I’ve given links to the needles I currently have in stock, but I can order any of these for you.  I also sell Schmetz needles in Bulk Packages of loose needles – 100 to a box.  Especially for embroidery machines – this can be a real savings!  Just email me at for any of your needle/thread (same color, full box – any type at 20% savings) any time.  I’m happy to help you find what you need! 

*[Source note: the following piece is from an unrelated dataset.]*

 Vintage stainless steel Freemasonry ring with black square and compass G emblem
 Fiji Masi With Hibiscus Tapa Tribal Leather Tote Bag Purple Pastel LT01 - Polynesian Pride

 * Jeans/Denim Needles are for sewing ANY firmly woven fabrics (in addition to the  mis-leading “Denim” name).  In the Schmetz line, Denim Needles have a BLUE Band to so  designate them. These needles have an advanced point design that is a Schmetz exclusive specifically  designed for penetrating extra thick woven fabrics, denims, or quilts with minimum needle deflection,  reduced risk of needle breakage or skipped stitches. So – if I’m sewing a cotton gabardine or broadcloth,  I’ll use a Denim Sharp Needle.  If it is a lightweight firmly woven fabric, I’ll use a size 70 Denim/ Sharp  Needle. Jeans/Denim Needles are available in sizes 70/10, 80/12, 90/14, 100/16, 110/18, Assorted  Sizes and also in a Twin Needle 4.0 mm apart in a size 100 – perfect for decorative stitching on jeans. This  twin needle has a Blue Bar (like the Stretch Twin Needles – so be careful to keep them straight!).

* Stretch Needles are needed for sewing knits where the fabric and the thread will stretch. These have a slightly rounded tip that separates the yarns of knit fabric rather than piercing them.  In the Schmetz line, Stretch Needles have a YELLOW Band to so designate them. These needles are designed to prevent skipped stitches – a frequent problem with knits.  There is a hump above the eye to force a larger loop, they have a shaved shank to position the needle closer to the hook and make the loop easier to pick up by the hook, thereby reducing skipped stitches. Stretch Needles are available in sizes 75/11 and 90/14 and also in 2 Twin Needle sizes: 2.5 mm apart in size 75 needles (2.5/75) – order HERE and 4.0 mm apart in Size 75 needles (4.0/75) – order HERE.   I almost exclusively use the 75/11, even for my sweatshirt transformations and the 4.0/75 Twin Stretch Needle for my double-stitched hems (even though I DO have 2 sergers with Cover Hem capability). I always keep these in stock and sell them HERE.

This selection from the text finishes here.